I'm not referring to Edward Snowden (nor to the man* above) but instead to someone who resisted in a different, very quiet way, more than a decade ago. The account below comes from a person I have known for a long time, and it describes someone I also know. It's worth reading both for the observations in the first half and for the personal story in the second. This reader writes:

I've been thinking about the recent leak investigations.  I'm usually very sympathetic to my  dad's [ca. age 80] very liberal take on these sorts of things.  But I've been having a hard time getting too excited about it.
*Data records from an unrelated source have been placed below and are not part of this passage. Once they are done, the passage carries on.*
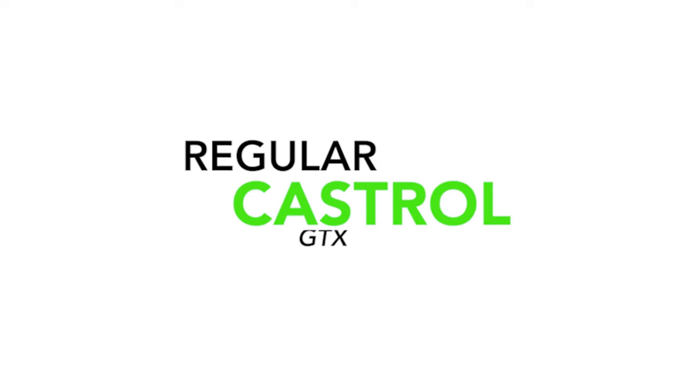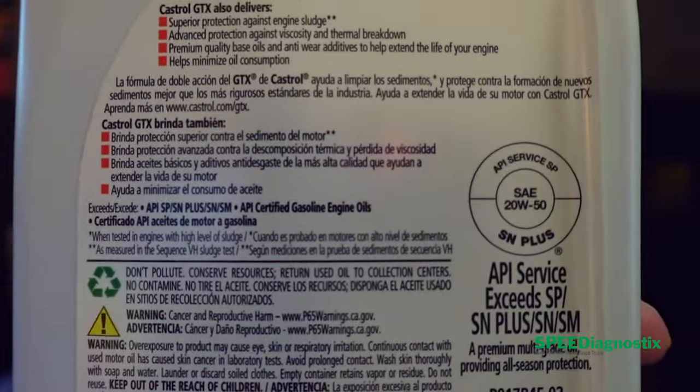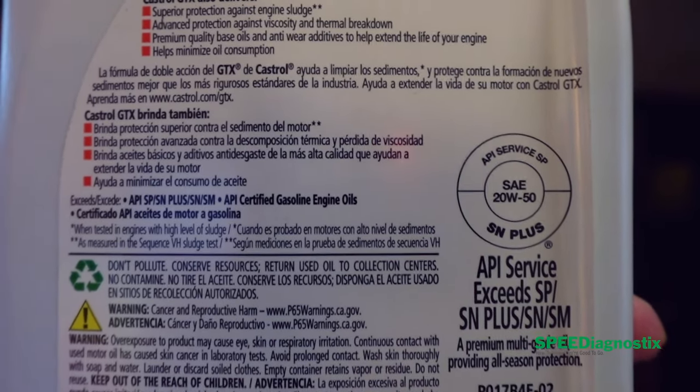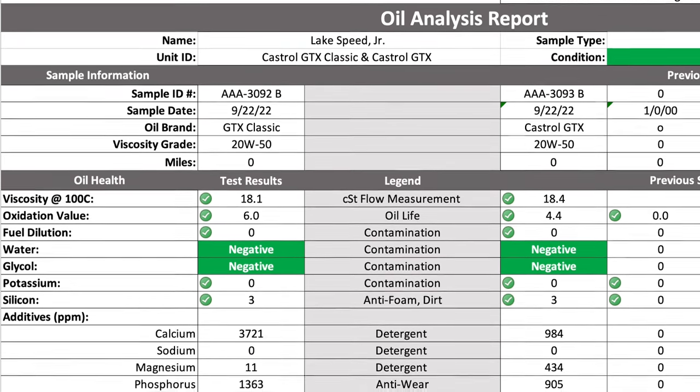Let's get right to it with the regular old Castrol GTX. When you look at Castrol GTX, API SP is what it says right there on the label — you can see it for yourself. Because it's API SP and a 20W50, the viscosity is right there at 18.4 centistokes, putting it square in the middle of the 50-grade range.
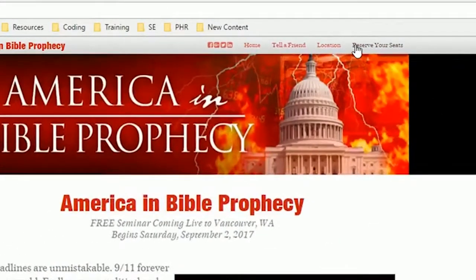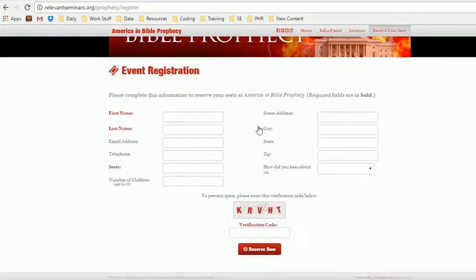Interests can then choose to reserve their seats. Here, they will fill in the pertinent information for their reservation. Note that we do not require email addresses or telephone numbers, as requiring these can limit response rates.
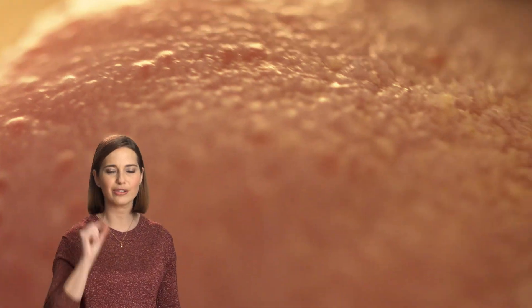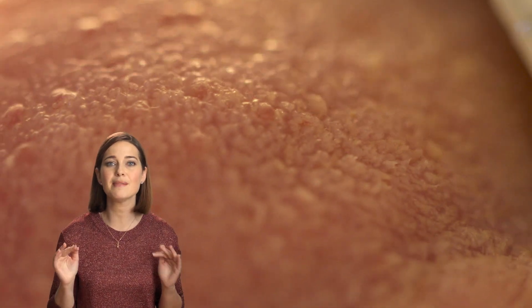In the tips of those papilla are where our 10,000 taste buds live. And each taste bud contains tiny little hairs called microvilla. When food touches them, they send messages to the brain about how something tastes.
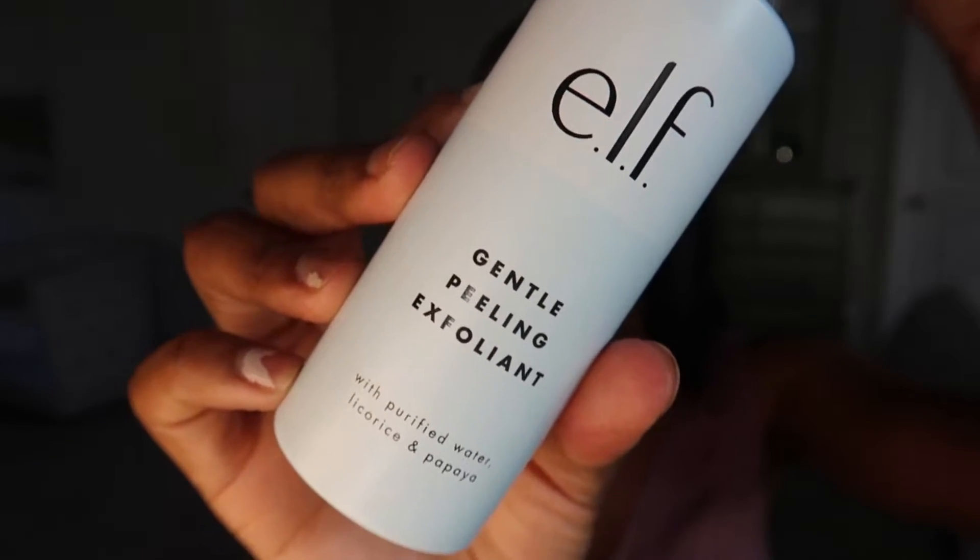Moving on to chemical exfoliators — I just started using this one about a week ago. It's from Elf, a gentle peeling exfoliant. You pour it into your hands, rub it on your face, and it has a peeling effect as if it's peeling off layers of skin. It's really cool — it even shows the dirt coming off. It's about seven dollars online.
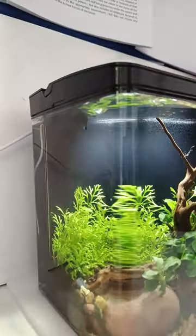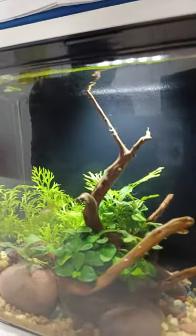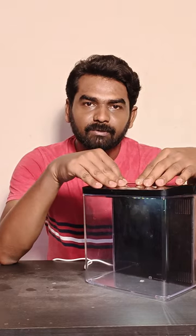Hello everyone. I have a nano tank in the office. As I told you about in the video, if you can see it, there is a very small space.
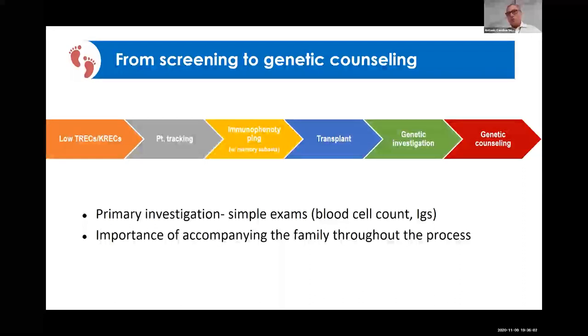If the child has already received the BCG vaccine, we have to start isoniazid prophylaxis, phenotype that baby, and seek a bone marrow transplant donor as soon as possible.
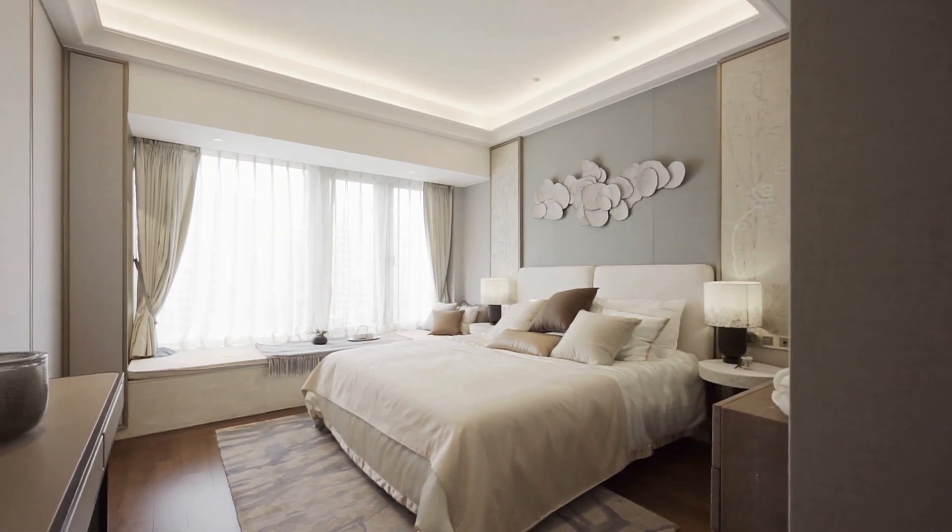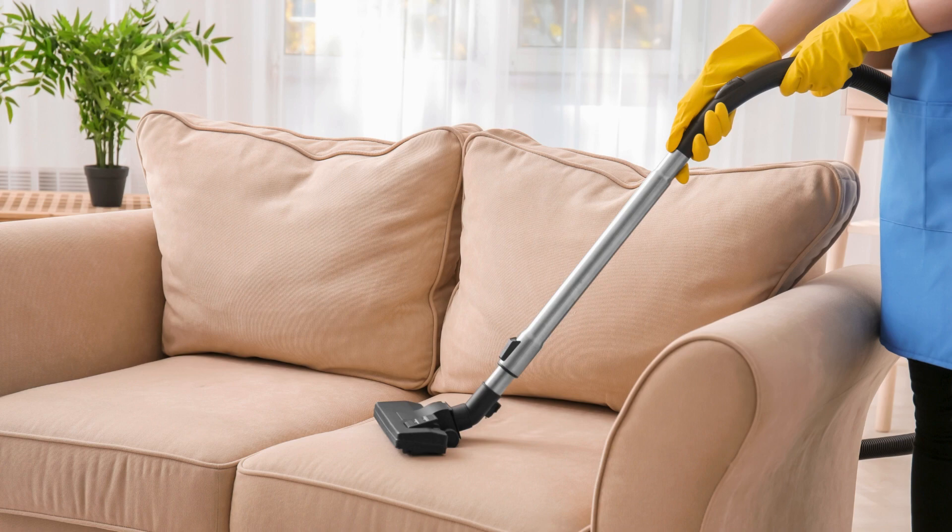Lastly, head to the bedroom. Make the bed, put away any clothes or clutter, and vacuum the floor.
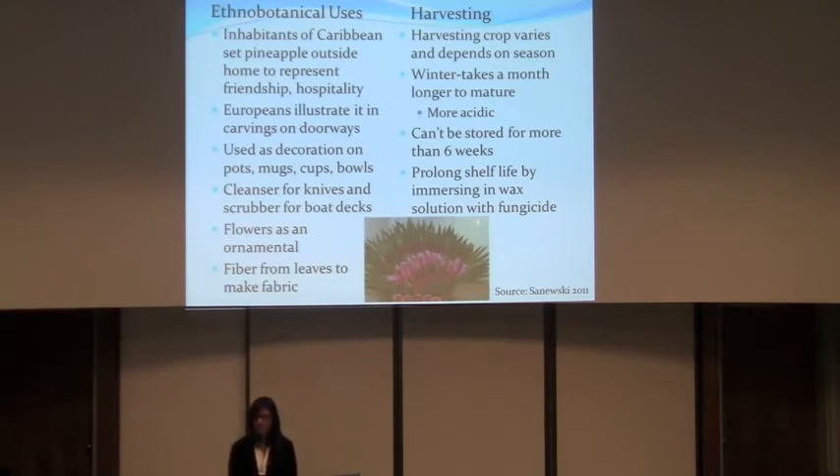Harvesting for the pineapple really depends on the season. For example, in the winter it takes a month longer and on top of that the fruit is more acidic. You can't store it for more than six weeks. However, if you want to prolong its shelf life, you can dip it in a wax solution which has fungicide in it.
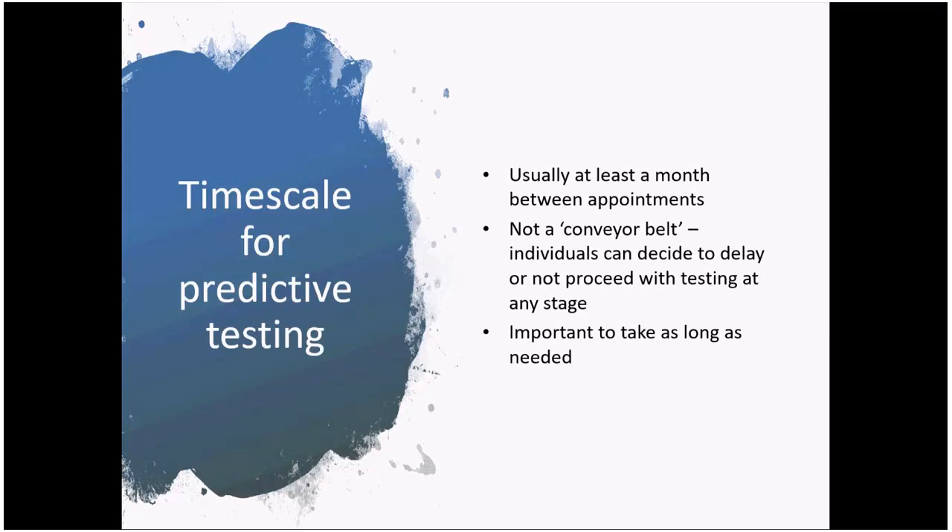In terms of the timeline for predictive testing, this is likely to vary depending on local waiting lists and testing arrangements. The guidelines recommend a minimum of at least a month between pre-test appointments, to give the chance to reflect on what's been discussed. The process isn't designed to be a conveyor belt — individuals should feel able to delay or decide not to proceed at any stage. We encourage people to simply take as long as they need to be confident they're making the right decision at the right time.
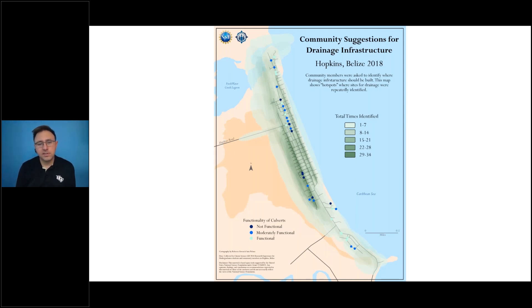This is another visualization showing community members were asked to identify where they felt drainage infrastructure could be improved. From the summer of 2018, the darkest greens show areas of aggregate consensus where people suggested a need for more drainage and infrastructure. This has been used by community leadership, and they actually paved the main north-south road in the village between the summer of 2018 and 2019 — again demonstrating how community-perspective data can support infrastructure improvements and reduce flooding.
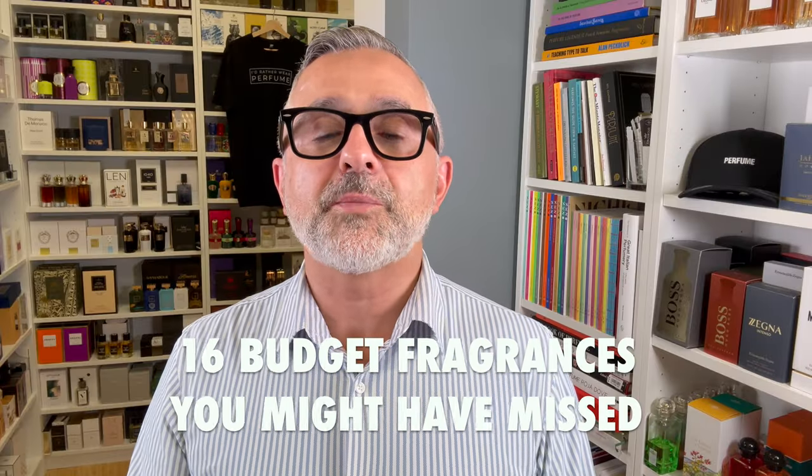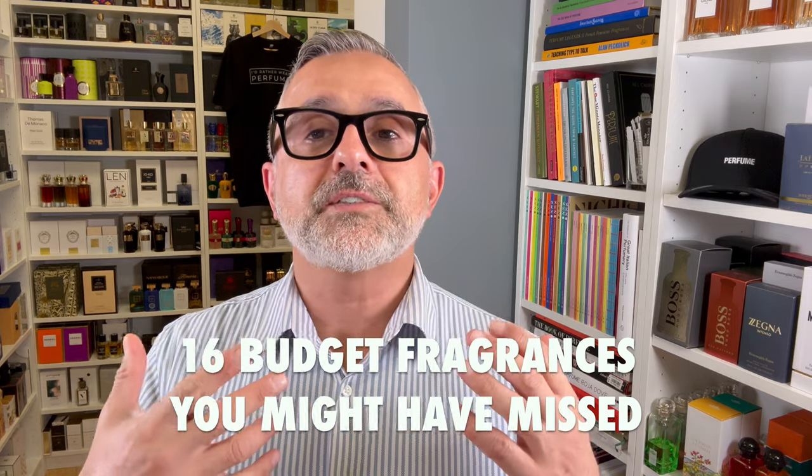Thanks so much for tuning in. It's Sebastian. We're talking about budget fragrances today. Are you a person that wants to save money on fragrances? You buy a lot of budget fragrances because you don't want to spend money on the more luxury niche fragrances. For me, if I find a budget fragrance that smells great, I'm fine buying it. I don't discriminate on fragrances — it doesn't always have to be luxurious fragrances that cost lots of money. These are really inexpensive fragrances. The majority of them are around $50. Most are around 100ml bottles, but you'll find fragrances here as low as $20 and as high as around $50 to $60.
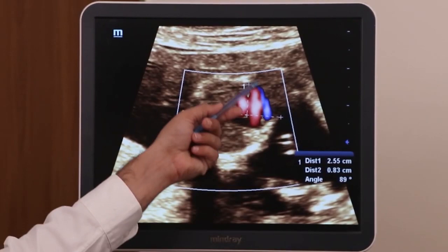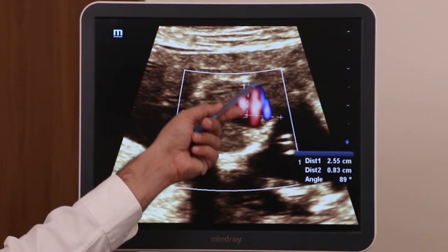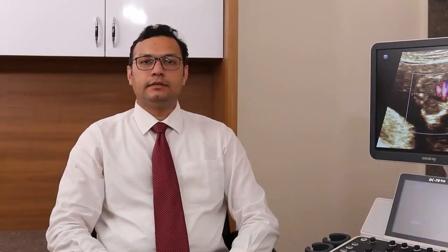At 14 weeks of pregnancy, when we did the ultrasound, we saw that in the 4-chamber heart view, the cardiac axis angle was almost 90 degrees. That is when we see there is levo rotation of the heart.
To me, this is the inevitable result of the way that technology has developed

Sadly, the tech visionaries who predicted that the internet would be revolutionary were correct, but not in the way that they expected.  We all want to be able to seamlessly move our work and online lives from desktop to laptop to smartphone to ipads.  Tech companies have given us this, and in the process have created vast warehouses of our digital lives that are assumed to have great value and you can bet that there is a constant effort at these companies to figure out how to monetize this digital storehouse.  So the NSA is simply getting a copy of the information that already is being saved to be mined for possible profit.

The companies, like Obama, assure us that they strip out identifying information.  The companies, like Obama, are asking us to trust them.  To me, the only way to change this threat to our individual liberties would be to make it illegal for any collection of our digital footprints by anyone.  And I don't see this happening.

This brings to mind a story about XX [our mutual acquaintance] not long after 9/11.  He was head of the technical team at YY [one of the former Baby Bell companies] and he was getting pressured to set up digital taps based on secret government warrants shown to the company's executives by government representatives where the company could only look at the secret warrant, but not make a copy or take any notes.  XX was bothered by the fact that once YY set up these digital taps, they were never turned off.  He also was concerned that there was no way even to validate whether these requests even came from legitimate government representatives.   And yet he wanted to keep his job. 

So he told his bosses that he would be more than happy to have his team of engineers comply, but just needed to have the exact procedures written down so that they could keep accurate records because, "at YY, we are trained to document everything we do in writing very carefully to protect ourselves and the company." 

This didn't make the government or the YY executives happy, so they flew him out to headquarters in [city ZZ] and basically tried to strong arm him into just doing it without asking any questions.   He stuck to his "I am very happy to do this, but  just want to protect my team and the company and make sure that we set up the same procedures here that we have for everything else we do" mantra.  When he went back home he sent an email to company lawyers who had called him in laying out what his understanding of what they wanted him to do and how he should document the work.

And that's the last he heard and YY was one of the only phone companies that didn't comply with secret government digital tapping requests that came to light during the Bush presidency.  Sadly, it seems that there are very few people like XX out there, so there you go...

If we finally are beginning the security-state "debate" that is many years overdue, one crucial element to examine is the interaction among technological possibilities, institutional imperatives, and the pressure on individuals to say Yes or No. It is too much to expect everyone, or even most people, to do what this telecom-company employee did. Yet his quiet example should be noted.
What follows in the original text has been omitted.